• INSTRUCTIONS FOR THE TASK
Your copy begins at the line with "Womens Techfit Capri Tight" and runs through the end of the data below. Set down only those lines exactly, without pictures.

• RECORD EXCERPTS
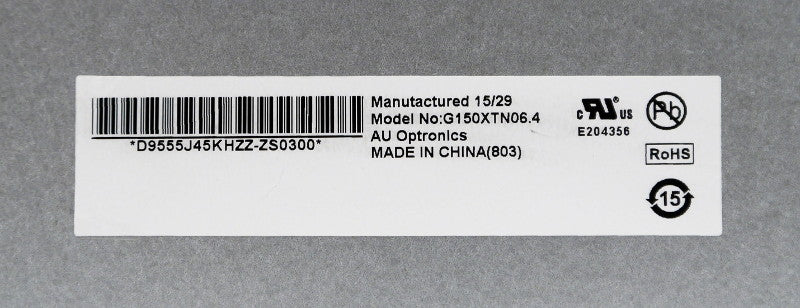 AU Optronics G150XTN06.4
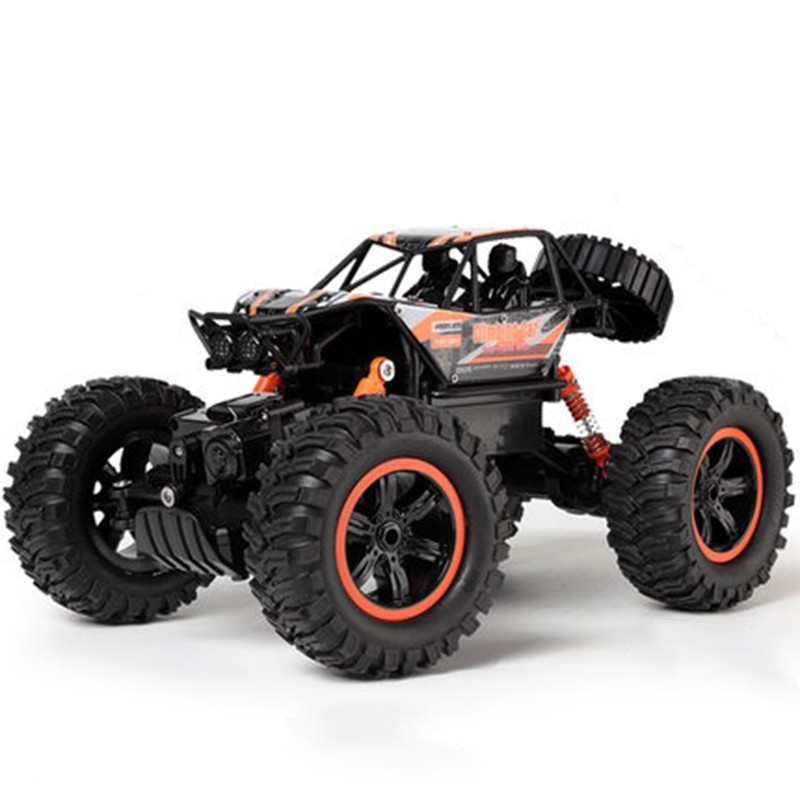 Coche RC 4x4 con control remoto, vehículo de alta velocidad de 2,4 GHz, juguete eléctrico RC, camión, buggy todoterreno, juguetes para niños, regalos sorpresa - Imagen 6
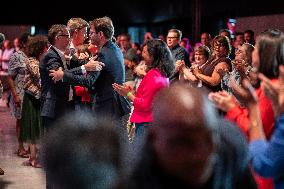 81st French Socialist Party (PS) congress - Day 2 - EB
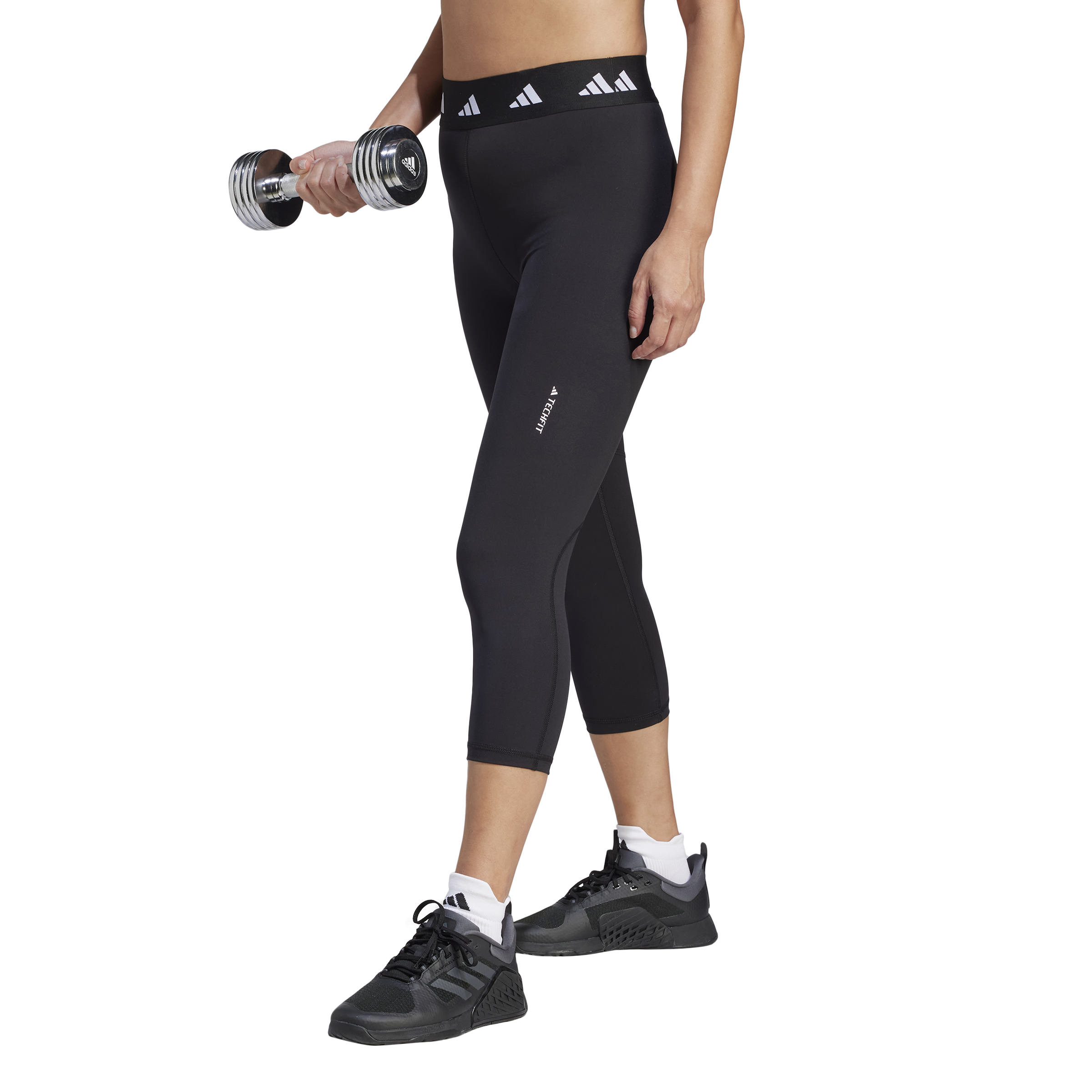 Womens Techfit Capri Tight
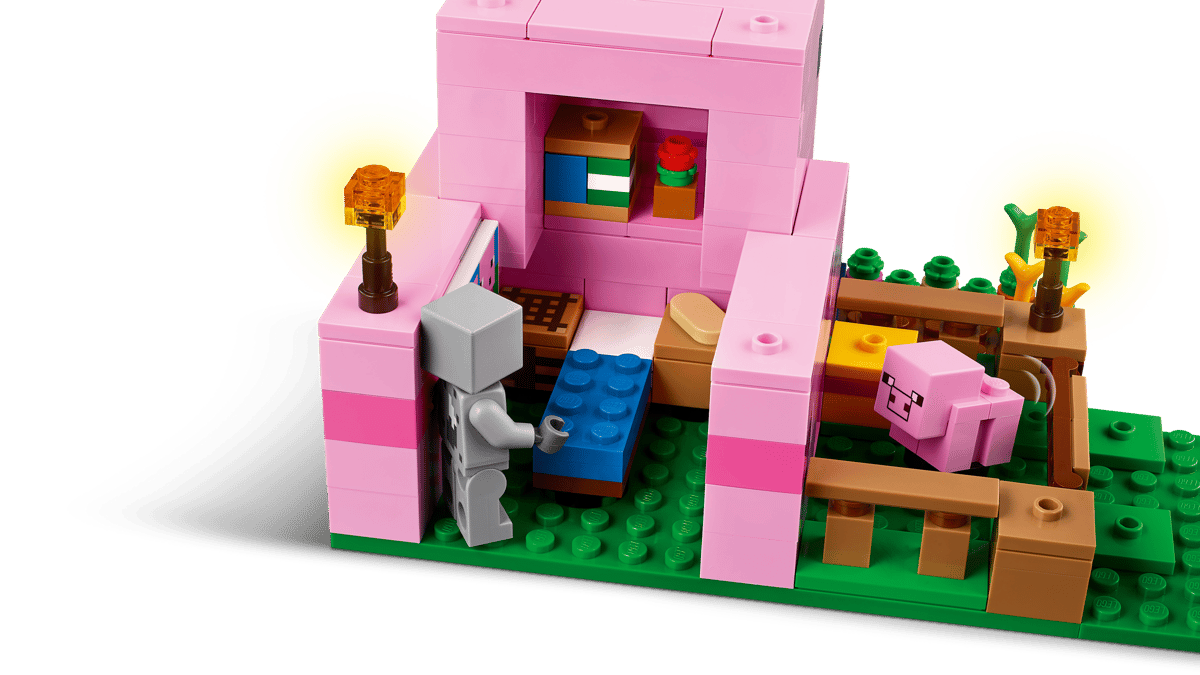 LEGO Minecraft Het huis van het biggetje - 21268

• SOLUTION TO THIS PROBLEM
 Womens Techfit Capri Tight
 LEGO Minecraft Het huis van het biggetje - 21268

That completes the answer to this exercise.